--- Data for analysis ---
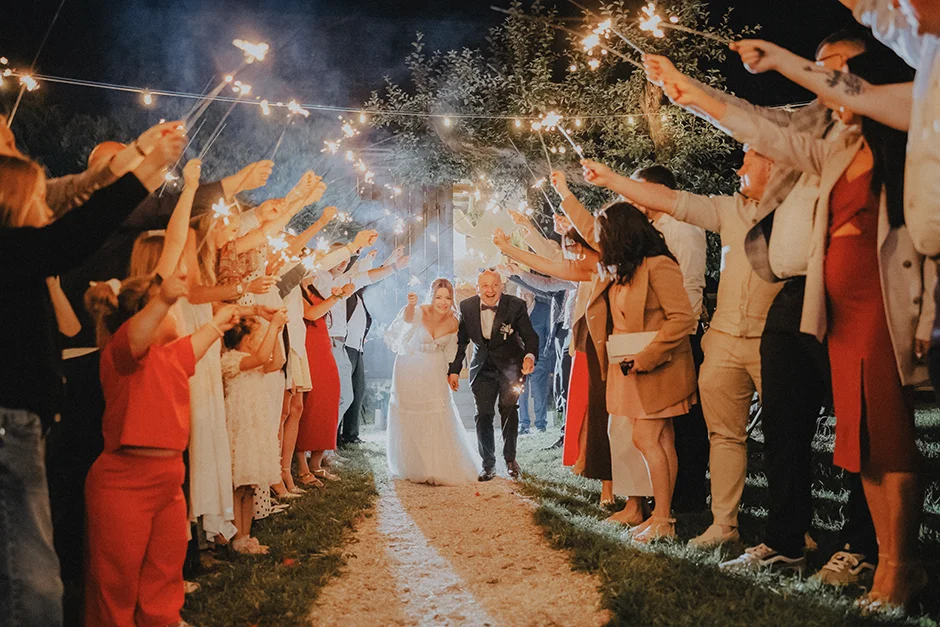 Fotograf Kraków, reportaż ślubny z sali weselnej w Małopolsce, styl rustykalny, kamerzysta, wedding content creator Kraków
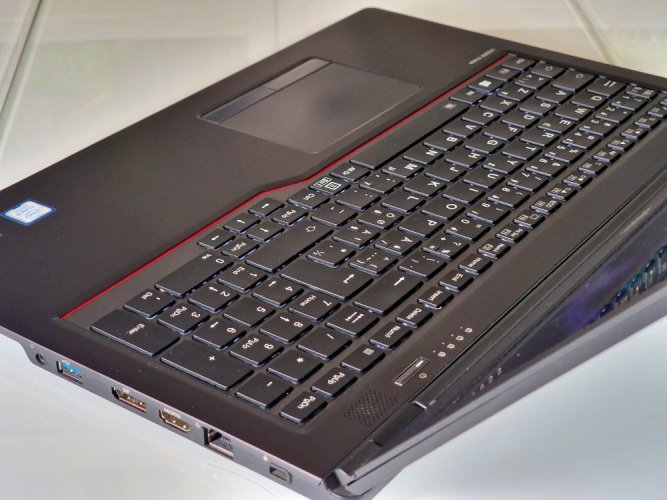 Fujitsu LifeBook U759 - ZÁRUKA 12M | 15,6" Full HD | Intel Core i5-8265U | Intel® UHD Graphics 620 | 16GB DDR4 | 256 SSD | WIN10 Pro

* * *

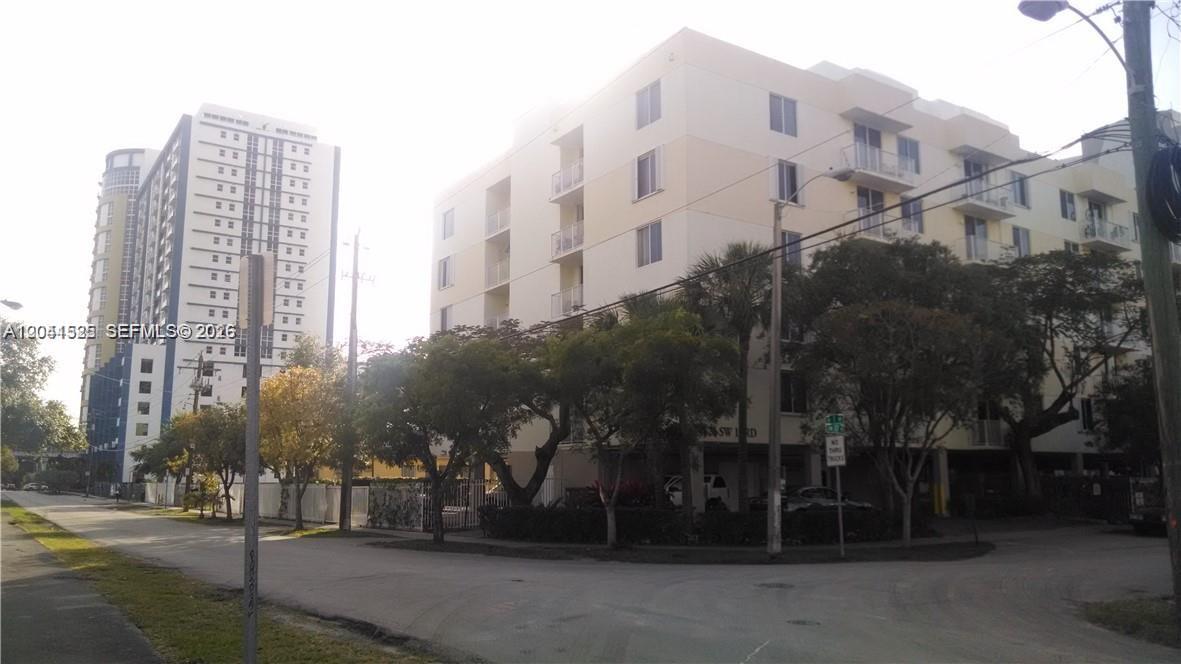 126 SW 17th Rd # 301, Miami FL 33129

--- Exercise brief ---
Since the pictures are not part of the copy, please transcribe only the lines above from the one with "Fotograf Kraków, reportaż" through the one with "Fujitsu LifeBook U759", exactly and with both ends.

--- Response to this exercise ---
 Fotograf Kraków, reportaż ślubny z sali weselnej w Małopolsce, styl rustykalny, kamerzysta, wedding content creator Kraków
 Fujitsu LifeBook U759 - ZÁRUKA 12M | 15,6" Full HD | Intel Core i5-8265U | Intel® UHD Graphics 620 | 16GB DDR4 | 256 SSD | WIN10 Pro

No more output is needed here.